Gumbleton also expanded on the Navy’s process for requesting one DDG-51 destroyer rather than the expected two.
“Long story short is, on the fifth and final year of the multi-year we looked at the topline for the Navy, the investments that we wanted to make within those four priorities as stated. The multiyear penalty as reported was a $33 million loss if we didn’t buy that extra ship. And then the Navy looked at investments in Columbia, paying the readiness bills to fight tonight, high-leverage investments for the future, and we took that $1.8 billion destroyer and spread it for readiness for today, modernization for tomorrow, and investments for the future,” Gumbleton said.
This matches what Acting Secretary of the Navy Thomas Harker and Chief of Naval Operations Adm.
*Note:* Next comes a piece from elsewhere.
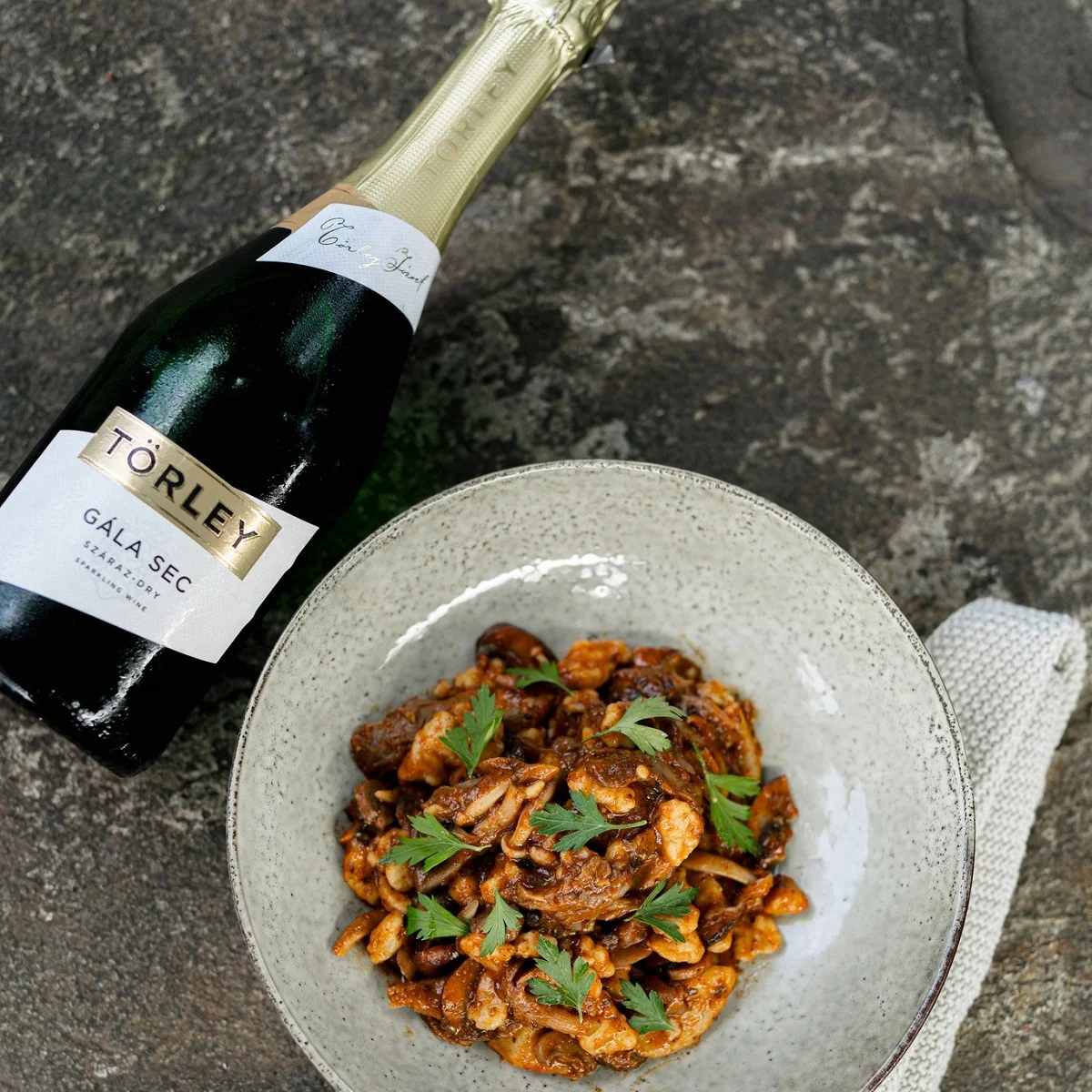 TÖRLEY Gala Sec Sparkling Wine - Image 3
Mike Gilday have told Congressional defense panels on the destroyer decision (Defense Daily, June 25).
Harker said it was the hardest decision the Navy had to make in the budget request and Gilday said it was an affordability issue that otherwise would require taking funds from manpower, spare parts and ammunition accounts, given the topline they were given.
Gumbleton also confirmed when the service moves to full-rate production on the new Constellation-class frigates, the Navy will seek a multiyear production contract on the class and he guaranteed “we will be seeking a multiyear for destroyers in our FY ‘23 budget request.”
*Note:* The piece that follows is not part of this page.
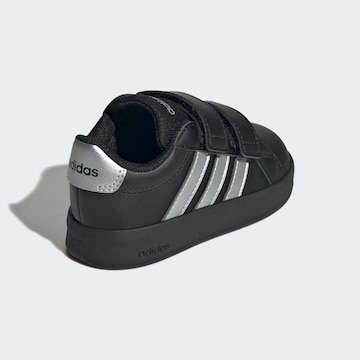 ADIDAS SPORTSWEAR Sportcipő 'Grand Court 3.0' - fekete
Recently, Harker told a Senate panel the Navy intends to request another multi-year contract for DDG-51s in the FY ‘23 budget, lasting from FY ‘23 to 2027 (Defense Daily, June 25).
The Navy’s top unfunded priority on an annual list sent to Congress was the second destroyer in FY ’22 at a cost of another $1.66 billion on top of the requested $2 billion for one ship (Defense Daily, June 2).
On June 30, the House Appropriations Defense Subcommittee advanced its FY ‘22 spending bill to the full committee, which includes funds to restore the second destroyer (Defense Daily, June 30).
Relatedly, Gumbleton reiterated while Congress gave the Navy contract authority to procure four amphibious ships in a multi-ship buy, DoD leadership seems unlikely to choose to do that this fiscal year.
The FY ‘21 defense authorization act included a provision allowing the Navy to procure three San Antonio-class LPD-17 amphibious transport dock ships and one America-class amphibious assault ship at once (Defense Daily, June 11, 2020).
Both ship classes are produced by Huntington Ingalls Industries’ [HIII] Ingalls Shipbuilding facility in Pascagoula, Miss.
Gumbleton said the secretary of defense has a lot of other priorities beyond the Navy, “so there was a decision not to take up Congress on this authority to do a multi-ship and that speaks to changing priorities with a new team onboard.”
This is a more definitive view of the Pentagon’s likely decision after Acting Assistant Secretary of the Navy for Research, Development, and Acquisition Jay Stefany told a Senate panel last month DoD looks likely to defer such a decision until after completing a new force structure assessment.
Stefany said the Navy and HII had a handshake agreement on what the multi-ship buy would look like if enacted (Defense Daily, June 9).
In response to the delay in using the provision, House Armed Services Subcommittee on Seapower and Projection Forces ranking member Rep. Rob Wittman (R-Va.) and Rep. Steven Palazzo (R-Miss.) introduced legislation to hold half of the Office of the Secretary of Defense Cost Assessment and Program Evaluation (CAPE) office’s budget until the Navy conducts the block buy agreement (Defense Daily, June 15).